» **What is being asked**: When you find the line with "Leone Gym Bag Black" among the records below, reproduce it and each line after it exactly, ending with the line with "Cuscini Bhair Alto".

Source data Block Start

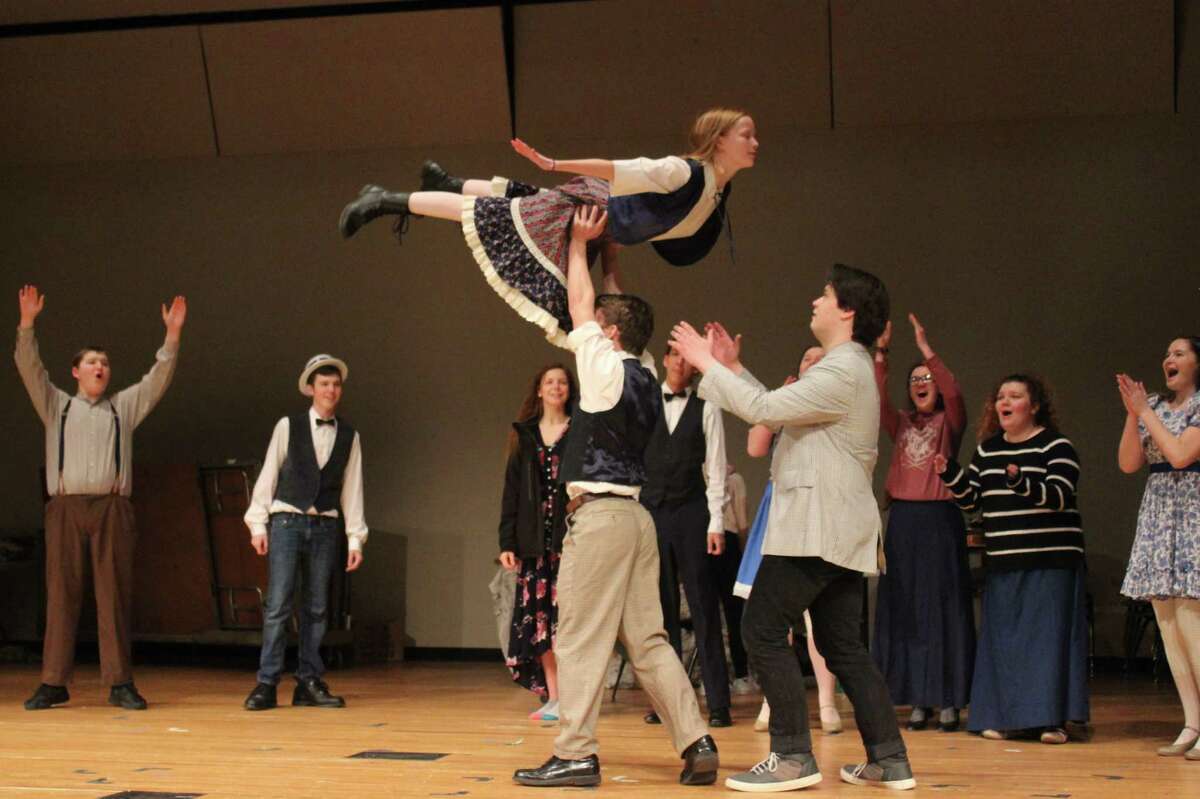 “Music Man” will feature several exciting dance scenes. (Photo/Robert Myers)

Source data Block End
Source data Block Start

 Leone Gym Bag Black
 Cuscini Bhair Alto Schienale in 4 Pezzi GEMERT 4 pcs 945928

Source data Block End

» **Completed exercise**:
 Leone Gym Bag Black
 Cuscini Bhair Alto Schienale in 4 Pezzi GEMERT 4 pcs 945928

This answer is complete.